Tuning for IBM Storage Scale over shared storage or IBM Storage Scale System

If you deploy the Hadoop cluster through Ambari (for both HortonWorks and IBM® BigInsights® IOP), Ambari will do some default tuning according to your cluster.

The following table lists the most important configurations that we need to check for running HDFS Transparency over IBM Storage Scale System or shared storage:
Table 1. Tuning configurations for Transparency over IBM Storage Scale System or shared storage
Configurations Default value Recommended value Comments
dfs.replication 1 3, at least more than 1 Also set gpfs.storage.type to shared. For more information, see Configure storage type data replication.
dfs.blocksize 134217728 536870912
io.file.buffer.size 4096(bytes) Data block size of your file system or integral multiple of data block size of your file system but <= 1M The max value should be <= 1M.

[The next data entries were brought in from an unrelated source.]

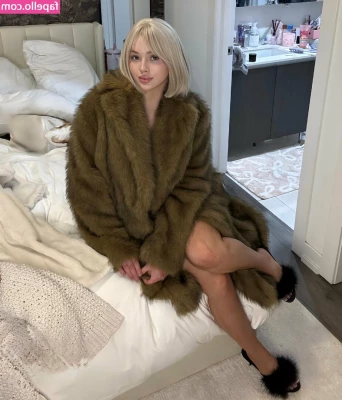 sweetkittyrose - Working that dick 🤪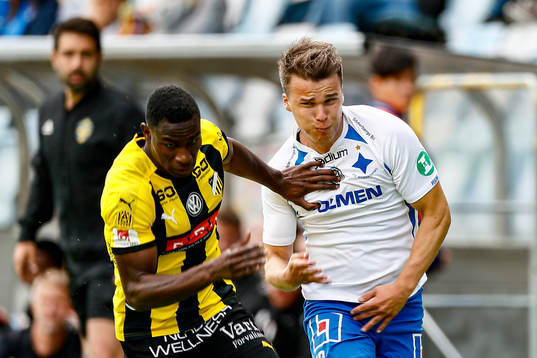 Häckens Godswill Ekpolo och IFK Norrköpings Simon Skrabb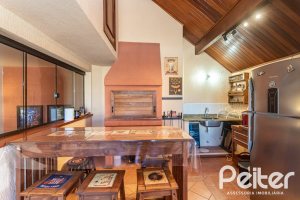 Casa à venda com 370m², 4 dormitórios, 4 suítes, 2 vagas, no bairro Tristeza em Porto Alegre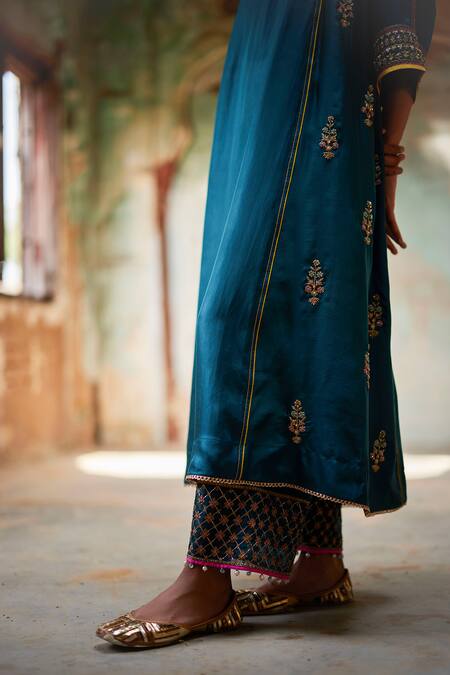 Shop_Rajiramniq_Blue Organza, Modal, Silk, Satin Embroidery, Nadira Floral Yoke Kurta Set _Online_at_Aza_Fashions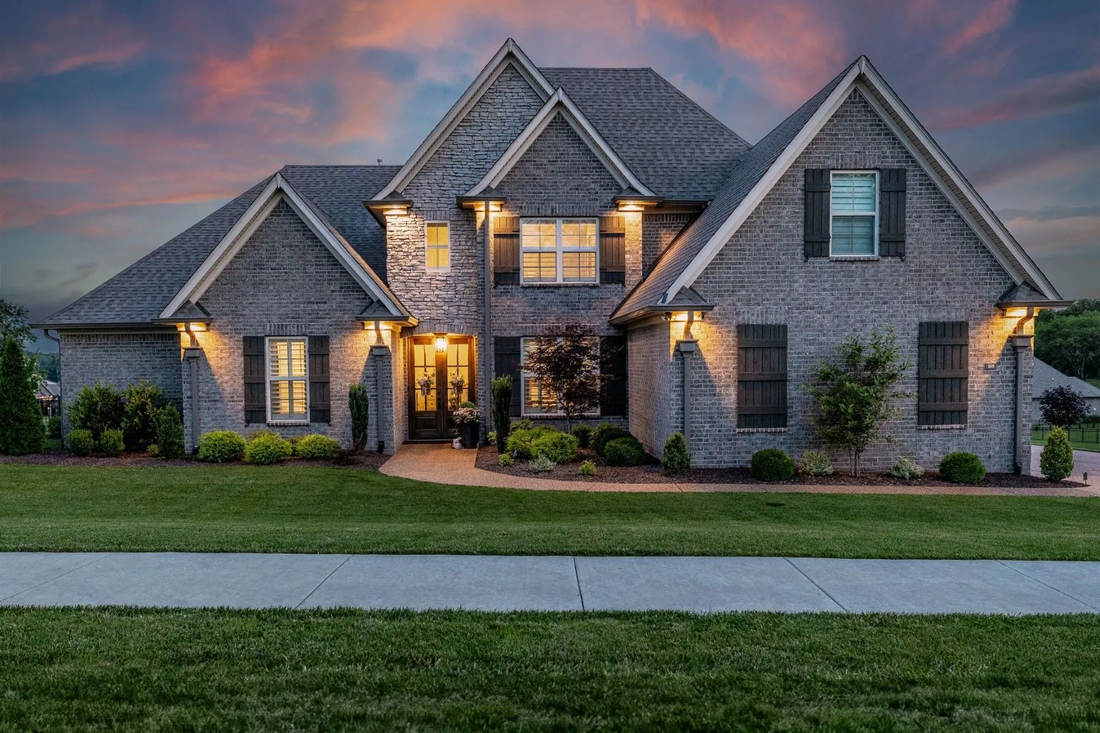 Top or Best Poster Design Agencies and Companies in Hendersonville, Tennessee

If the value is too high, more JVM GC operations will occur.

dfs.datanode.handler.count 10 Refer the comments Calculate this according to Hadoop node number and Transparency DataNode number: (40 * HadoopNodes)/TransparencyDataNodeNumber
dfs.namenode.handler.count 10 Refer the comments This depends on the resource of NameNode and the Hadoop node number. If taking IBM Storage Scale Ambari Integration, 100 * loge (DataNodeNumber) is used to calculate the value for dfs.namenode.handler.count.

If not taking IBM Storage Scale Ambari integration, you could take 400 for ~10 Hadoop nodes; take 800 or higher for ~20 Hadoop nodes.

dfs.ls.limit 1000 100000
dfs.client.read.shortcircuit.streams.cache.size 4096 Refer the comments Change it as the IBM Storage Scale file system data blocksize.
dfs.datanode.transferTo.allowed true false If this is true, the IO will be 4K mmap() for gpfs.

The above tuning should also be done for Hadoop HDFS client. If you take HortonWorks HDP, change the above configuration on Ambari GUI. After these changes, you need to restart all services and ensure that these changes are synced into /etc/hadoop/conf/hdfs-site.xml and /usr/lpp/mmfs/hadoop/etc/hadoop/hdfs-site.xml (for HDFS Transparency 2.7.x) or /var/mmfs/hadoop/etc/hadoop/hdfs-site.xml (for HDFS Transparency 3.0.x). If you take open source Apache Hadoop, you need to update these configurations for Hadoop clients ($HADOOP_HOME/etc/hadoop/hdfs-site.xml) and take /usr/lpp/mmfs/bin/mmhadoopctl to sync your changes to HDFS Transparency configuration on all HDFS Transparency nodes.